The projections in the AEO2006 were produced with the National Energy Modeling System. NEMS is developed and maintained by the Office of Integrated Analysis and Forecasting of the Energy Information Administration (EIA) to provide projections of domestic energy-economy markets in the long term and perform policy analyses requested by decisionmakers in the White House, U.S. Congress, offices within the Department of Energy, including DOE Program Offices, and other government agencies. The AEO projections are also used by analysts and planners in other government agencies and outside organizations 

The time horizon of NEMS is approximately 25 years, the period in which the structure of the economy and the nature of energy markets are sufficiently understood that it is possible to represent considerable structural and regional detail. Because of the diverse nature of energy supply, demand, and conversion in the United States, NEMS supports regional modeling and analysis in order to represent the regional differences in energy markets, to provide policy impacts at the regional level, and to portray transportation flows. The level of regional detail for the end-use demand modules is the nine Census divisions. Other regional structures include production and consumption regions specific to oil, gas, and coal supply and distribution, the North American Electric Reliability Council (NERC) regions and subregions for electricity, and the Petroleum Administration for Defense Districts (PADDs) for refineries. Maps illustrating the regional formats used in each module are included in this report. Only national results are presented in the AEO2006, with the regional and other detailed results available on the EIA Forecasting Home Page. (http://www.eia.doe.gov/oiaf/aeo/index.html)  

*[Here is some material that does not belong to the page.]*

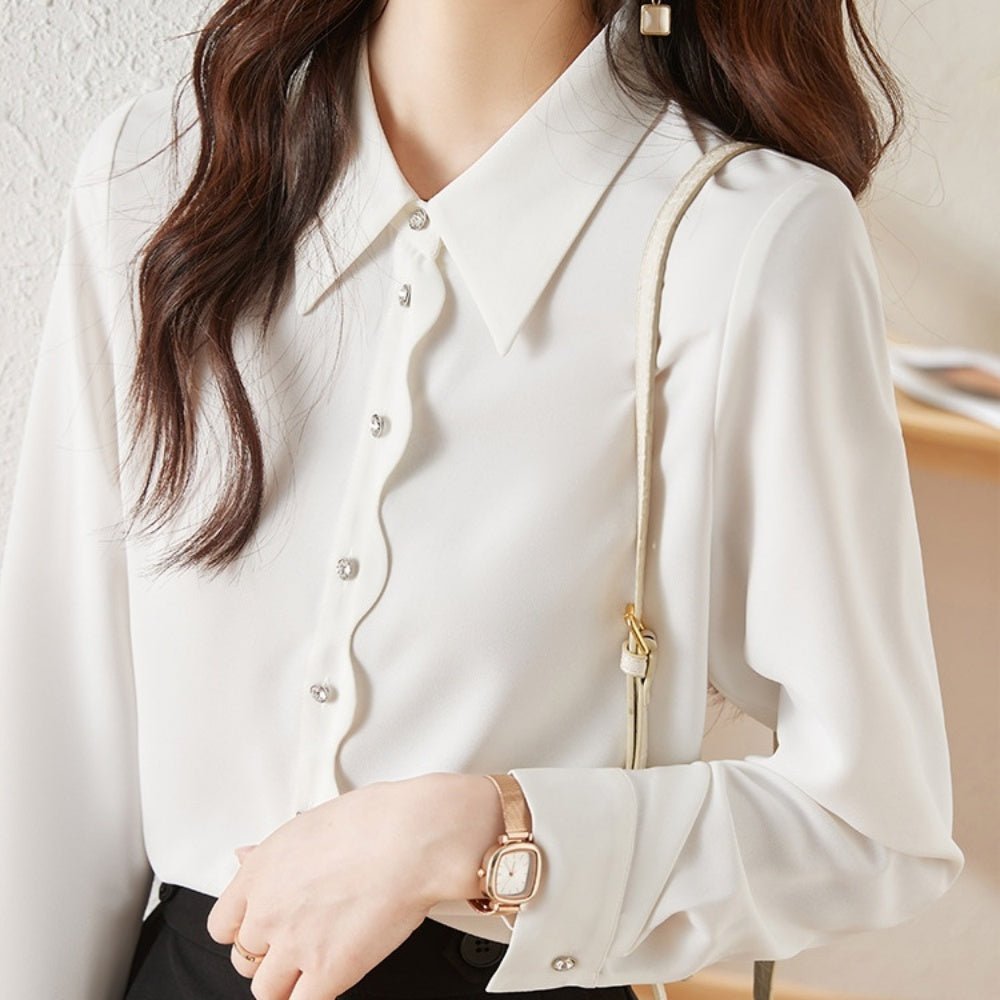ボタンデザインシャツブラウス|オフィスカジュアル レディース 通販【ミレジェネ】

Figure 1. National Energy Modeling System.  Need help, contact the National Energy Information Center at 202-586-8800.

For each fuel and consuming sector, NEMS balances the energy supply and demand, accounting for the economic competition between the various energy fuels and sources. NEMS is organized and implemented as a modular system (Figure 1). The modules represent each of the fuel supply markets, conversion sectors, and end-use consumption sectors of the energy system. NEMS also includes a macroeconomic and an international  module. The primary flows of information between each of these modules are the delivered prices of energy to the end user and the quantities consumed by product, region, and sector. The delivered prices of fuel encompass all the activities necessary to produce, import, and transport fuels to the end user. The information flows also include other data such as economic activity, domestic production, and international petroleum supply availability. 

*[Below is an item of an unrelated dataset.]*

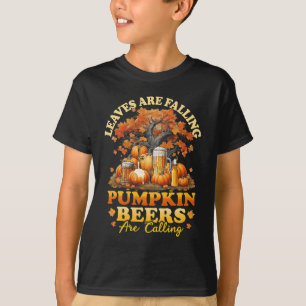 T-shirt Les Feuilles De Bières D'Halloween Tombent Les Biè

The integrating module of NEMS controls the execution of each of the component modules. To facilitate modularity, the components do not pass information to each other directly but communicate through a central data storage location. This modular design provides the capability to execute modules individually, thus allowing decentralized development of the system and independent analysis and testing of individual modules. This modularity allows use of the methodology and level of detail most appropriate for each energy sector. NEMS solves by calling each supply, conversion, and end-use demand module in sequence until the delivered prices of energy and the quantities demanded have converged within tolerance, thus achieving an economic equilibrium of supply and demand in the consuming sectors. Solution is reached annually through the projection horizon. Other variables are also evaluated for convergence such as petroleum product imports, crude oil imports, and several macroeconomic indicators. 

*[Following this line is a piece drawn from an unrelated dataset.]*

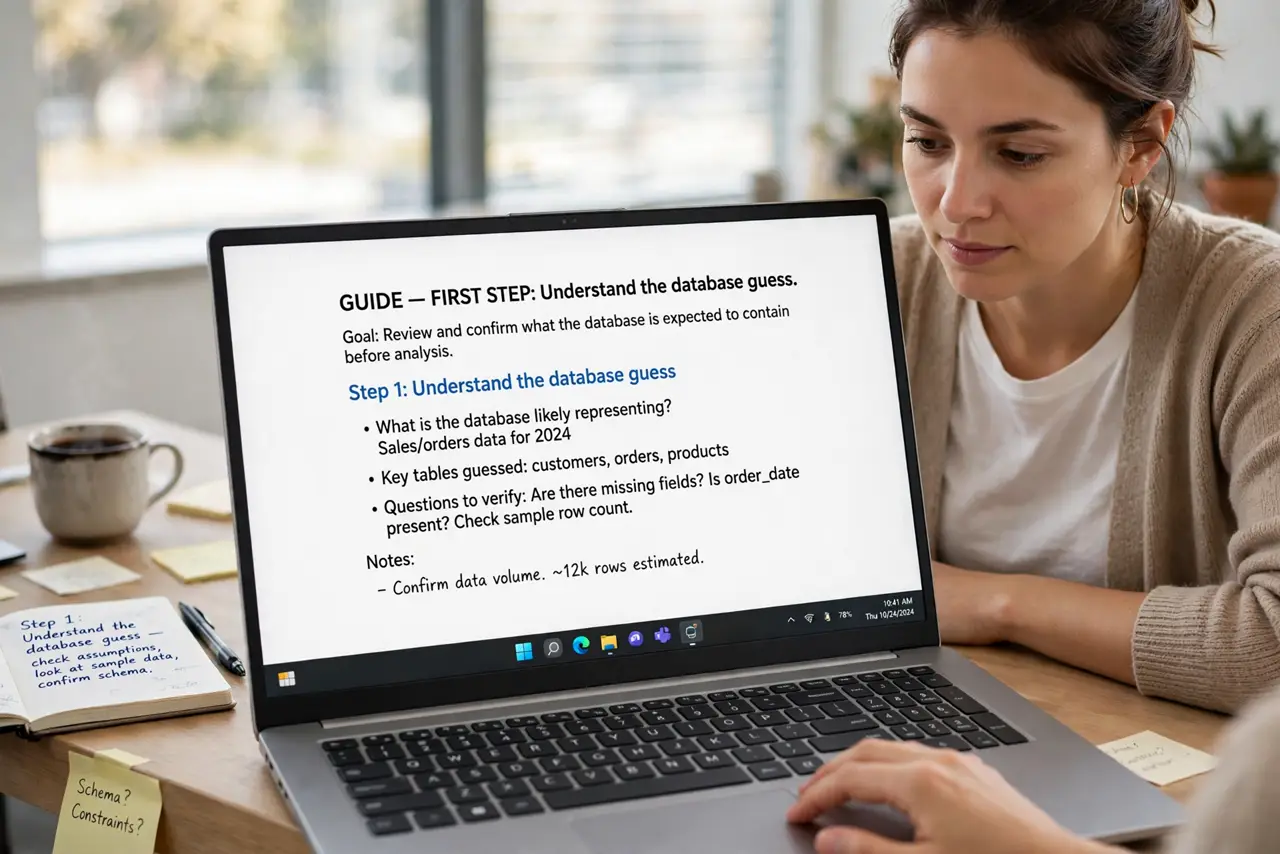 A person doing the guide's first step: Understand the database guess.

Each NEMS component also represents the impact and cost of legislation and environmental regulations that affect the sector and reports key emissions. NEMS reflects all current legislation and environmental regulations that are defined sufficiently to be modeled as of October 31, 2005, such as the Energy Policy Act of 2005 and 1992 the Clean Air Act Amendments (CAAA), and the costs of compliance with regulations such as the Clean Air Interstate Rule (CAIR) and Clean Air Mercury Rule (CAMR) both of which were finalized and published on the U.S. Environmental Protection Agency web page in March 2005 and in the Federal Register in May 2005. The potential impacts of pending or proposed legislation, regulations, or standards—or of sections of legislation that have been enacted but that require funds or implementing regulations that have not been provided or specified—are not reflected in the sectors. A list of the specific Federal and selected State legislation and regulations included in the AEO, including how they are incorporated, is provided in Appendix A. 

Component Modules 

The component modules of NEMS represent the individual supply, demand, and conversion sectors of domestic energy markets and also include international and macroeconomic modules. In general, the modules interact through values representing the prices of energy delivered to the consuming sectors and the quantities of end-use energy consumption. This section provides brief summaries of each of the modules. 

Macroeconomic Activity Module 

The Macroeconomic Activity Module provides a set of essential macroeconomic drivers to the energy modules and a macroeconomic feedback mechanism within NEMS. Key macroeconomic variables include gross domestic product (GDP), industrial output, interest rates, disposable income, prices, new housing stats, new light duty vehicle sales, and employment. This module uses the following Global Insight models: Macroeconomic Model of the U.S. Economy, National Industry Model, and National Employment Model. In addition, EIA has constructed a Regional Economic and Industry Model to forecast regional economic drivers and a Commercial Floorspace Model to forecast 13 floorspace types in 9 Census Divisions.  The accounting framework for industrial output uses the North American Industry Classification System (NAICS). 

International Module 

The International Module represents world oil markets, calculating the average world oil price and computing supply curves for five categories of imported crude oil for the Petroleum Market Module (PMM) of NEMS, in response to changes in U.S. import requirements. In addition, seventeen international petroleum product supply curves, including curves for oxygenates and unfinished oils, are also calculated and provided to the PMM.  A world oil supply/demand balance is created, including estimates for 16 oil consumption regions and 19 oil production regions.  The oil production estimates include both conventional and nonconventional supply recovery technologies. 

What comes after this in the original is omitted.